Siergiej nerwowo chodził po kuchni. Olga, ściskając w dłoniach filiżankę schłodzonej herbaty, spojrzała w jeden punkt.

  • Może powinniśmy po prostu dać jej pieniądze? – powiedziała w końcu.
  • I co dalej? — Siergiej zatrzymał się nagle. – Nie uspokoi się. Jutro wymyśli coś innego.
  • A co jeśli z nią porozmawiasz? Po ludzku.

Siergiej uśmiechnął się gorzko:

  • Z nią? Po ludzku?

Ale nie było innych opcji. Następnego dnia udali się do Wiery Pawłownej.

Rozmowa nie przebiegała dobrze. Każde zdanie zamieniało się w oskarżenie, każde słowo w wyrzut.

„Mamo, jesteśmy rodziną” – powiedział z rozpaczą Siergiej.

  • Rodzina? – prychnęła Wiera Pawłowna. „Czy rodzina tak robi?”

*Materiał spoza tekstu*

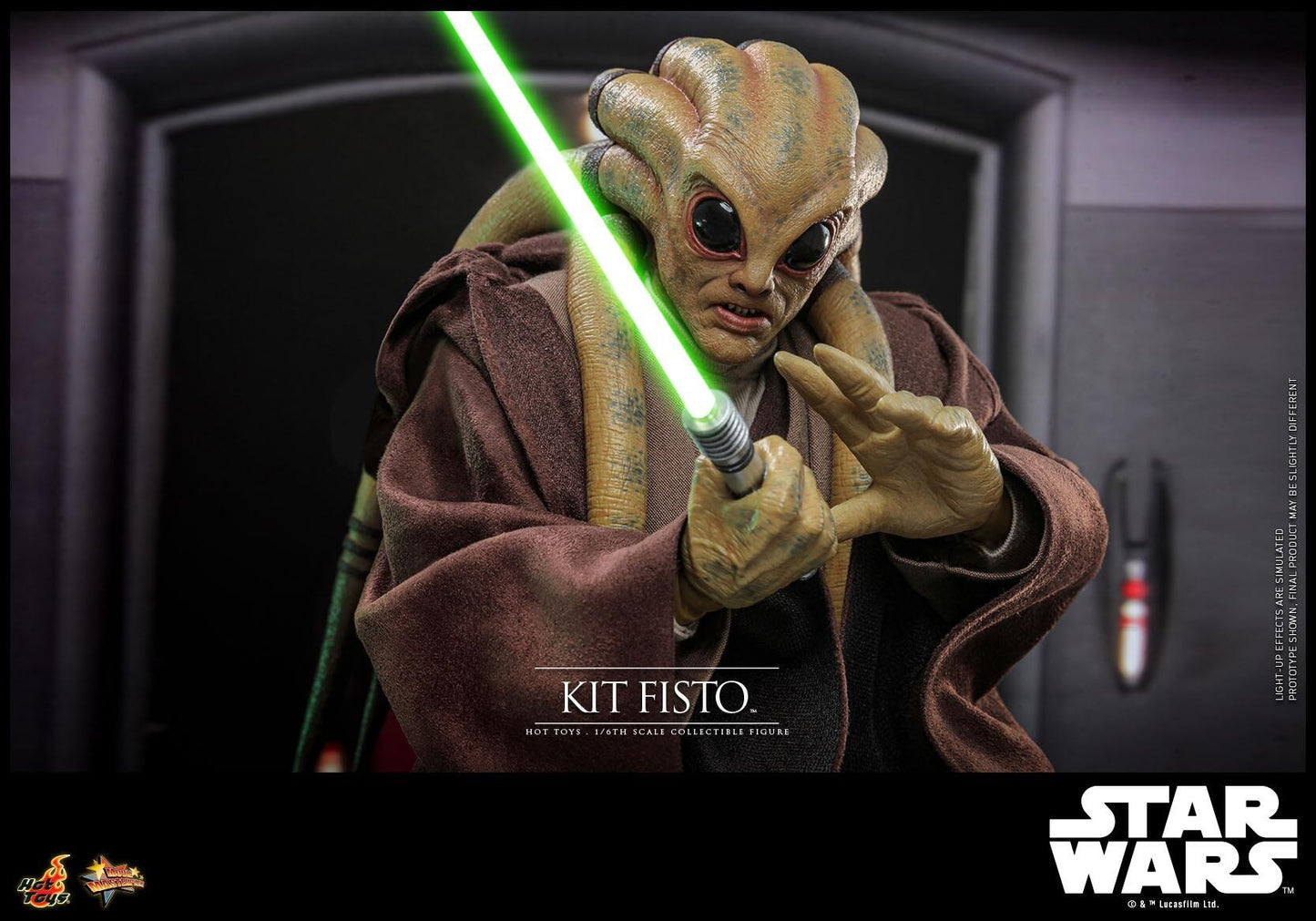 Kit Fisto - Star Wars: Revenge Of The Sith Hot Toys Collectibles 1/6 Scale Action Figure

Wyjechali z niczym. Olga płakała przez całą drogę do domu. Siergiej milczał, zaciskając zęby.

Wieczorem wybrał numer swojej siostry:

  • Len, pomóż. Nie wiem już co robić.

Dni ciągnęły się, wypełnione niespokojnym oczekiwaniem. Telefon dzwonił kilka razy dziennie – Vera Pavlovna nie poddawała się. Siergiej był wymizerowany i miał cienie pod oczami. W pracy coraz częściej popełniał błędy, za co otrzymywał nagany od przełożonych.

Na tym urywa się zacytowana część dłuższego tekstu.